## Stored data entries:
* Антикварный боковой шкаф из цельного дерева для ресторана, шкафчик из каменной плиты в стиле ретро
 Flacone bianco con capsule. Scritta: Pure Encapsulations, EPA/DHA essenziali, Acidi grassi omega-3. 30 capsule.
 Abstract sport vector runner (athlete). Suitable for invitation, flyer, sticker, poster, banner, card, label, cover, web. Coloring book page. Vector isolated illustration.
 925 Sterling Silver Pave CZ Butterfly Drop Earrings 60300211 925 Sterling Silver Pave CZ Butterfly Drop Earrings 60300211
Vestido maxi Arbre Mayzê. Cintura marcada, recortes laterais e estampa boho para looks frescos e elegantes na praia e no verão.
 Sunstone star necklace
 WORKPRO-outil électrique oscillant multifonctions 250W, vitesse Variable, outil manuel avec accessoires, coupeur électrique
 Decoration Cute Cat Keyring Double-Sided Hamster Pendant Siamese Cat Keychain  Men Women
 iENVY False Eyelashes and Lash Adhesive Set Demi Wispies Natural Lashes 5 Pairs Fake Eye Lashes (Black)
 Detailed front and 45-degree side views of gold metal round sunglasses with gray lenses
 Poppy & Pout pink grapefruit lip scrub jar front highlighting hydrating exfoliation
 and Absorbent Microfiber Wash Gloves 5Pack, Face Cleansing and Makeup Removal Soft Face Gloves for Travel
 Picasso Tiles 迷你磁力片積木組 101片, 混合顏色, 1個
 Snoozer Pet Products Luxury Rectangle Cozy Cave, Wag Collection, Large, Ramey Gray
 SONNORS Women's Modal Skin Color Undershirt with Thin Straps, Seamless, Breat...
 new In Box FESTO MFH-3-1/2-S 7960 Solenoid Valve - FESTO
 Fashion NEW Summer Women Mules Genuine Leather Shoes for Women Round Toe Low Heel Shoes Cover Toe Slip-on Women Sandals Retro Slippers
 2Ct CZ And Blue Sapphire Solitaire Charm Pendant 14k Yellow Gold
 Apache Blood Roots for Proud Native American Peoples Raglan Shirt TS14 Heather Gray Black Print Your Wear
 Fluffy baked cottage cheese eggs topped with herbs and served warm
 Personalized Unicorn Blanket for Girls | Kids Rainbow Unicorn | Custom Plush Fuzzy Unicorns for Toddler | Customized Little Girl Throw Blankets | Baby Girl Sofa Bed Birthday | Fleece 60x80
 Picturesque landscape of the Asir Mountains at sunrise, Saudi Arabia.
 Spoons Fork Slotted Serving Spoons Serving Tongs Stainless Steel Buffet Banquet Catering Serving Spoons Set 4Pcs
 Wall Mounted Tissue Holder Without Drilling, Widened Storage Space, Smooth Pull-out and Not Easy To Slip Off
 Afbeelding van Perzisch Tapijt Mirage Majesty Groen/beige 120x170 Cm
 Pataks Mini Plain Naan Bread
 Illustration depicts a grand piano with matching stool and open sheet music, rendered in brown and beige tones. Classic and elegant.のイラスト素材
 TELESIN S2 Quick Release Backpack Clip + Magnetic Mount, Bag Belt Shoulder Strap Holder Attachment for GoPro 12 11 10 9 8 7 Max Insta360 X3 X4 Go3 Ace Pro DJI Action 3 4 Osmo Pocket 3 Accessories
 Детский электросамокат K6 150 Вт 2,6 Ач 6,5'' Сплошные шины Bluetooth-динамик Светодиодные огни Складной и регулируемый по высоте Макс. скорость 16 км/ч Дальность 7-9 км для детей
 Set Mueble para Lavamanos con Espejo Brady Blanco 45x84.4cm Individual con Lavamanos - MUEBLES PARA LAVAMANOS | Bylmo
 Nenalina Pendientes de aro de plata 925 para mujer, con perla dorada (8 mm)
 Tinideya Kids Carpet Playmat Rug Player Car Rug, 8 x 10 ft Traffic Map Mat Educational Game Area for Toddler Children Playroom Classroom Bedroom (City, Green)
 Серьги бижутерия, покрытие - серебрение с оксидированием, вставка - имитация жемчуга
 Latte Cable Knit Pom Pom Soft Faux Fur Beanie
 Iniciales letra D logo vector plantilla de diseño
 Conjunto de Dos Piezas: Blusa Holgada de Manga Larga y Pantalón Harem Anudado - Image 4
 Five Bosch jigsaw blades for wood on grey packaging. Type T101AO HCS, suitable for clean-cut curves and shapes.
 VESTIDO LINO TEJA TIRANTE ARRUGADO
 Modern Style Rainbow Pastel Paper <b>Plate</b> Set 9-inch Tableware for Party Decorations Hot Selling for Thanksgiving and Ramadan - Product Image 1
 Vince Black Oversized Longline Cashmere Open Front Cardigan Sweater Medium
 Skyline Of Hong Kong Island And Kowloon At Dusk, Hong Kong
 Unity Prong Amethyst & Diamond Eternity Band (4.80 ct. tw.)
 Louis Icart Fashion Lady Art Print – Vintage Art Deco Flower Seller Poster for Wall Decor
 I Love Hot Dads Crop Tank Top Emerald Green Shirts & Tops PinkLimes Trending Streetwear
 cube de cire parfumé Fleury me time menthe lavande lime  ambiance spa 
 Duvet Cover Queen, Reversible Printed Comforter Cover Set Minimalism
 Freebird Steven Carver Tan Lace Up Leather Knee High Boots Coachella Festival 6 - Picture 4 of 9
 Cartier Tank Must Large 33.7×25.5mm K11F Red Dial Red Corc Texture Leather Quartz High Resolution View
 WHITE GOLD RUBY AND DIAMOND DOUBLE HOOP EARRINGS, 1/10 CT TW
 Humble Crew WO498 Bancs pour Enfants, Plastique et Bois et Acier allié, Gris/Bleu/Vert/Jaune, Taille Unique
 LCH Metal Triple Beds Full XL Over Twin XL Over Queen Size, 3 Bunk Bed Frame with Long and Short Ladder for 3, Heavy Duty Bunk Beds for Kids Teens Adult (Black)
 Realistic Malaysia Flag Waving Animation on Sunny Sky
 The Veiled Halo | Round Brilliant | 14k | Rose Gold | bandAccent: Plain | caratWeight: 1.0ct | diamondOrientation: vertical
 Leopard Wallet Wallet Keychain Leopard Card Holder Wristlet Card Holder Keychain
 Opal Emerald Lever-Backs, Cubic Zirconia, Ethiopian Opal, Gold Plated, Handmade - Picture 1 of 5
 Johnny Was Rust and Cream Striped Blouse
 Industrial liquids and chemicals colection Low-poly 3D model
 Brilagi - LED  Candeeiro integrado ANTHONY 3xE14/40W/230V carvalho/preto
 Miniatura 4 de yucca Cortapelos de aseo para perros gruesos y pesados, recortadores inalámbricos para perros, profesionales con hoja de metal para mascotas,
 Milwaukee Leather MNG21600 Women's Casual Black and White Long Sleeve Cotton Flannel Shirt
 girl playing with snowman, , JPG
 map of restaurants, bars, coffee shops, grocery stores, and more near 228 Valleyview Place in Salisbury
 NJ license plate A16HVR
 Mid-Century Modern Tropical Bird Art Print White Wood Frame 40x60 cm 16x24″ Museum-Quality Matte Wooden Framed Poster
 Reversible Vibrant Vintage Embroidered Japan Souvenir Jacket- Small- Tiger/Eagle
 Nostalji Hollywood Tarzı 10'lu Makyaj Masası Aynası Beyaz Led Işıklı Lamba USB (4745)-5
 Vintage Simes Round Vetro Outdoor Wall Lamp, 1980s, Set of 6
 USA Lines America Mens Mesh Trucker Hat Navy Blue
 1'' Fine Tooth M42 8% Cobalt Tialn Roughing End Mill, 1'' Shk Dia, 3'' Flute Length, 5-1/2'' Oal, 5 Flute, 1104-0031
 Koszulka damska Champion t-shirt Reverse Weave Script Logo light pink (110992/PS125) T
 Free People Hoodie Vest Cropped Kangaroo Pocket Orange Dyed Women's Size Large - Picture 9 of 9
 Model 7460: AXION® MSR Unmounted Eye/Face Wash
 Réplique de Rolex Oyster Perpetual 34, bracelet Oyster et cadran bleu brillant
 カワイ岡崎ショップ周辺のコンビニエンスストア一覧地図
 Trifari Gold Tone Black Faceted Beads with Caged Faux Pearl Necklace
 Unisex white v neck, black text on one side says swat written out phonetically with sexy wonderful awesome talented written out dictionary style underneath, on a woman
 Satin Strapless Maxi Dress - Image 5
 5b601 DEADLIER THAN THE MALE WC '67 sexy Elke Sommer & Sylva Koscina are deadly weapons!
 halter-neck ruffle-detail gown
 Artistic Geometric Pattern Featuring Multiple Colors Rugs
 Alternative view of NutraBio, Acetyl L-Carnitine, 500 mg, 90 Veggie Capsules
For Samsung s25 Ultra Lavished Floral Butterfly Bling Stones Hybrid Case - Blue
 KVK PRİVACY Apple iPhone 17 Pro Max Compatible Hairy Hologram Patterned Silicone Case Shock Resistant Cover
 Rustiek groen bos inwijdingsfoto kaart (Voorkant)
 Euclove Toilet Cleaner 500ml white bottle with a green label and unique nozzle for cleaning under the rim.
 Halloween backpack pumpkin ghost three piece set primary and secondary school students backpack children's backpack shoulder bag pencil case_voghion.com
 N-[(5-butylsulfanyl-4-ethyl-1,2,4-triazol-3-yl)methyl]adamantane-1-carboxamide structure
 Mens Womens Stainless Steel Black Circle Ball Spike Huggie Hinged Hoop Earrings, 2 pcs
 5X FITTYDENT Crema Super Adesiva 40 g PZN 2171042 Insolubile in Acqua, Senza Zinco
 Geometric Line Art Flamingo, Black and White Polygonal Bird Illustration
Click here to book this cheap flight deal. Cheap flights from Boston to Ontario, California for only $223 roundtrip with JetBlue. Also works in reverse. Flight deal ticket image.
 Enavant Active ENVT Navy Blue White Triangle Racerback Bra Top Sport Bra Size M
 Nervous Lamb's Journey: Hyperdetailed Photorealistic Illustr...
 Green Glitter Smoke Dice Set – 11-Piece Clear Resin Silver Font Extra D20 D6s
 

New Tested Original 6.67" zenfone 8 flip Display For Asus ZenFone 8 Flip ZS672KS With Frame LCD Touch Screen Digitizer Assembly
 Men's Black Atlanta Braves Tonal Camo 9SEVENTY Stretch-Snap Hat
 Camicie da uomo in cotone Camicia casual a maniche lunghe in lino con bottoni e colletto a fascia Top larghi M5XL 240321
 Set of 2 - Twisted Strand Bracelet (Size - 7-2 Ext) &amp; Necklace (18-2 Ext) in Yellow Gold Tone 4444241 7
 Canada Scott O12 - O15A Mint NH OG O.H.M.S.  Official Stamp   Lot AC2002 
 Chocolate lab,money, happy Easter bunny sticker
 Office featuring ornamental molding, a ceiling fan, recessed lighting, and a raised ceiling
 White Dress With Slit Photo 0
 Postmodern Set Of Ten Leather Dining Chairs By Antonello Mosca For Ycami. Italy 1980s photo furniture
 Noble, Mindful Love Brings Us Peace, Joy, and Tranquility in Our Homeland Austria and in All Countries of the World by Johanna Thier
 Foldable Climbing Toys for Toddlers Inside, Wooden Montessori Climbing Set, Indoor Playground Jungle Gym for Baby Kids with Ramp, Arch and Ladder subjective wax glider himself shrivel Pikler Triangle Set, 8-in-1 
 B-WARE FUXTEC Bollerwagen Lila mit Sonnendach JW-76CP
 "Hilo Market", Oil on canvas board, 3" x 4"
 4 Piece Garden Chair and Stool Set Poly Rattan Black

## Task statement:
Return, with no change at all, every line in the entries above from the line containing "Artistic Geometric Pattern" through the line containing "For Samsung s25".

## Worked solution:
 Artistic Geometric Pattern Featuring Multiple Colors Rugs
 Alternative view of NutraBio, Acetyl L-Carnitine, 500 mg, 90 Veggie Capsules
For Samsung s25 Ultra Lavished Floral Butterfly Bling Stones Hybrid Case - Blue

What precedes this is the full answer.